Like I said, this is working remarkably well!

I am not exactly sure what this pipeline is commanding other than a basic understanding, so i was wondering if someone might be so kind as to explain the flow of this pipeline (I will also be referencing the API)

Also, what other parameters could I add to this pipeline to make it more efficient, and also bring in the audio from the camera source.

You are a remarkably brilliant group of people, and a wicked shout-out to @Tuna for this plugin. 

This is truly a revolutionary advancement for the platform. Nothing but praise!
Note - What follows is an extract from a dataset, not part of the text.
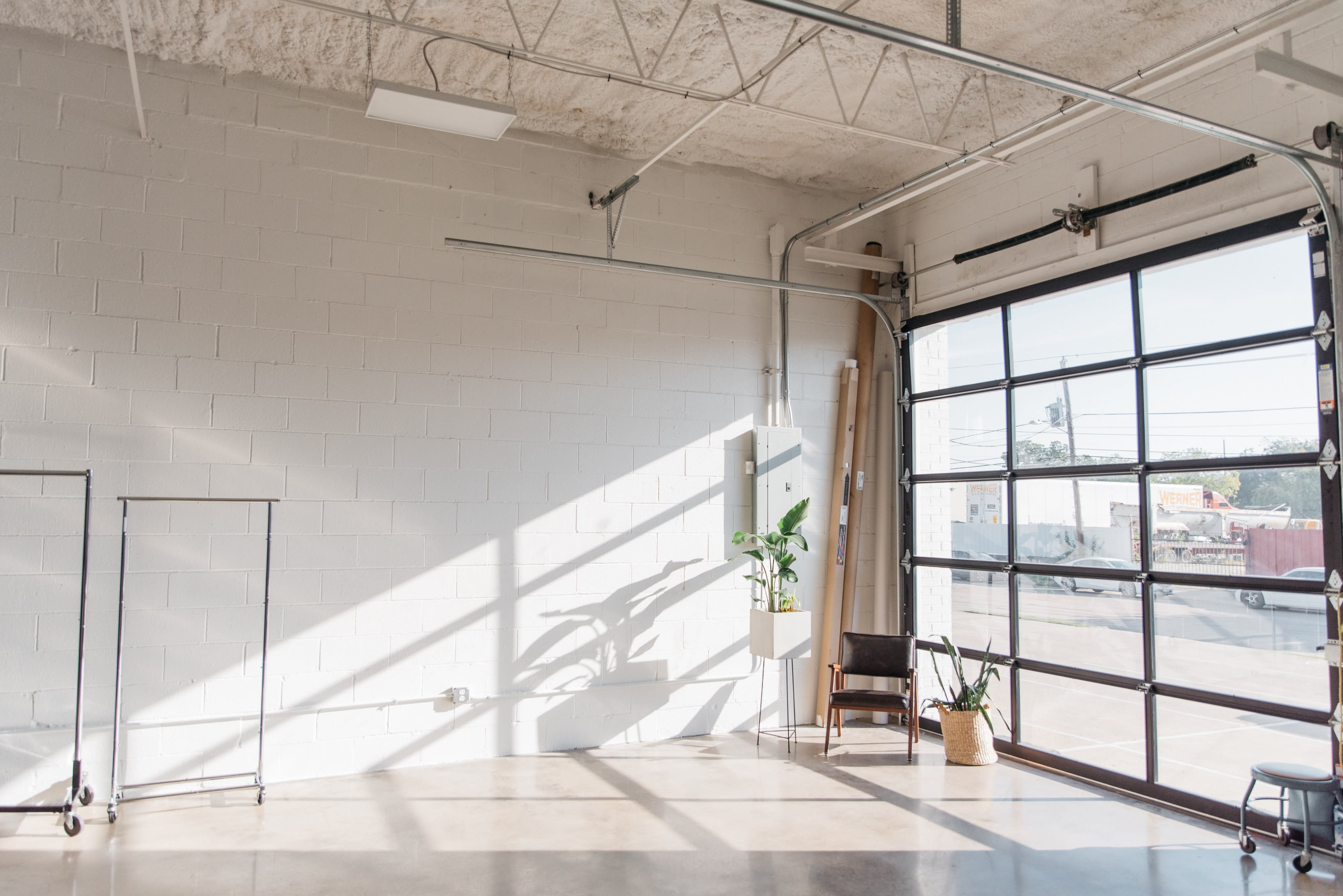 Ladder Bathroom Spacesaver- White - Top Notch DFW, LLC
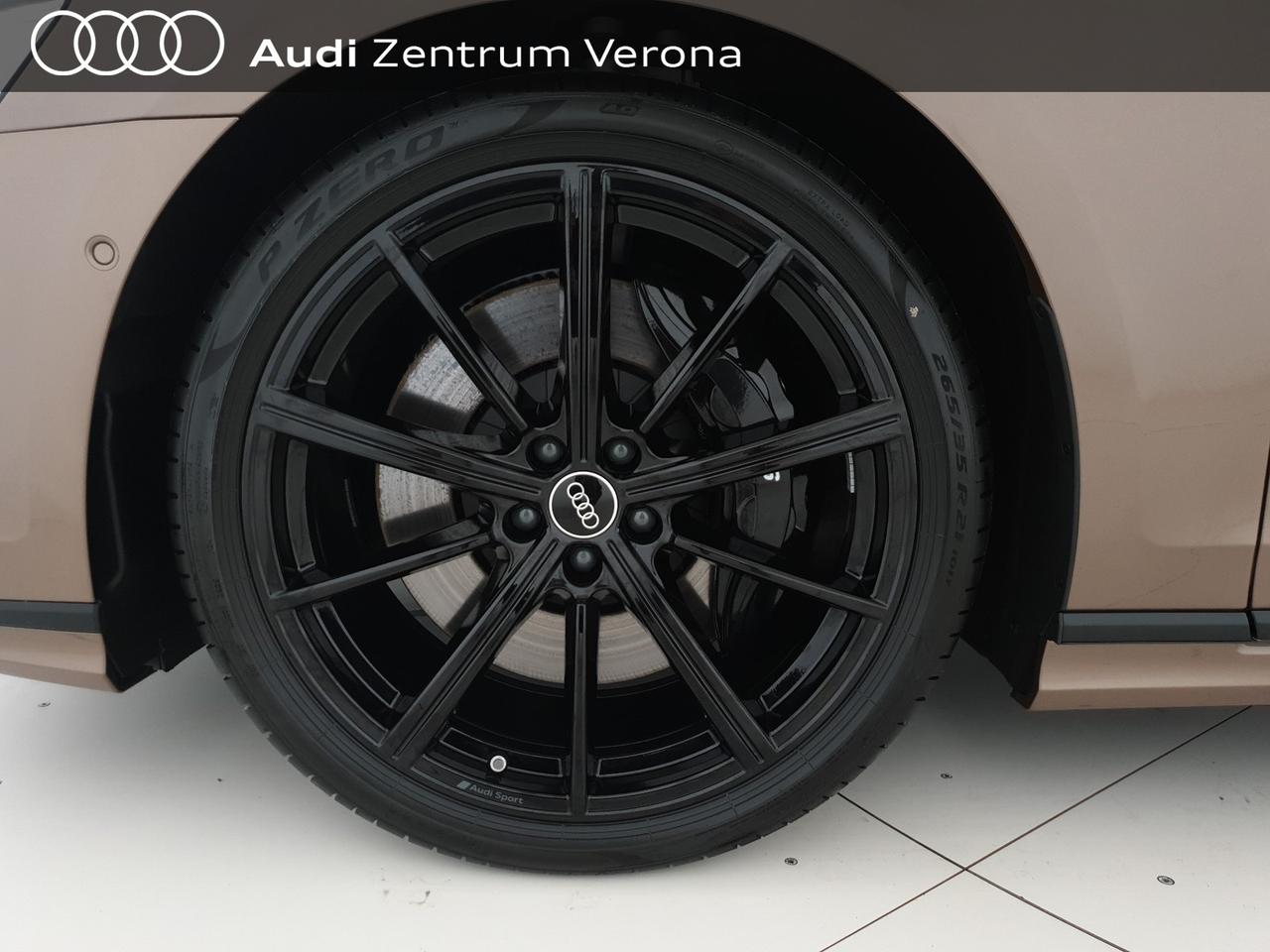 4.0TFSI 571CV quattro tiptronic Sport Attitude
I would be interested to know what you make of this? o.O


----------



## Tuna (Jan 1, 2022)

Happy New Year. Sounds plausible you had to escape the ampersand somehow.

For specific options you should refer to the GStreamer documentation. Alternatively you can check available options for each element with the gst-inspect tool - e.g. "gst-inspect-1.0 rtspsrc".

Iirc the rtspsrc already has a jitterbuffer internally, so may not reuire an additional one.

For adding the audio I recommend looking at the examples again and read https://gstreamer.freedesktop.org/d...aunch.html?gi-language=c#pipeline-description - then you hopefully have an idea what these pipeline desciptions do and how to craft them. It it basically connecting another path fropm the rtspsrc to the the audio destination.


----------



## superdiy (Jan 11, 2022)

Shween said:


> Hey @superdiy;
> And for the Dahua Cams, I picked it up after re-re-re-re-re-re-reading This Post by @camfix HERE to use **+** in the place of an ampersand"&" in my pipeline.
> 
> It Worked!
> ...



Thank you @Shween 

I've managed to get the "gst-launch-1.0" command to work by using the "**+**" instead of the "&" in the pipelines.  Somebody also said in another thread that "video." should be replaced by "fakevideosink" (without the "." at the end) when the pipeline is used with "gst-launch-1.0". 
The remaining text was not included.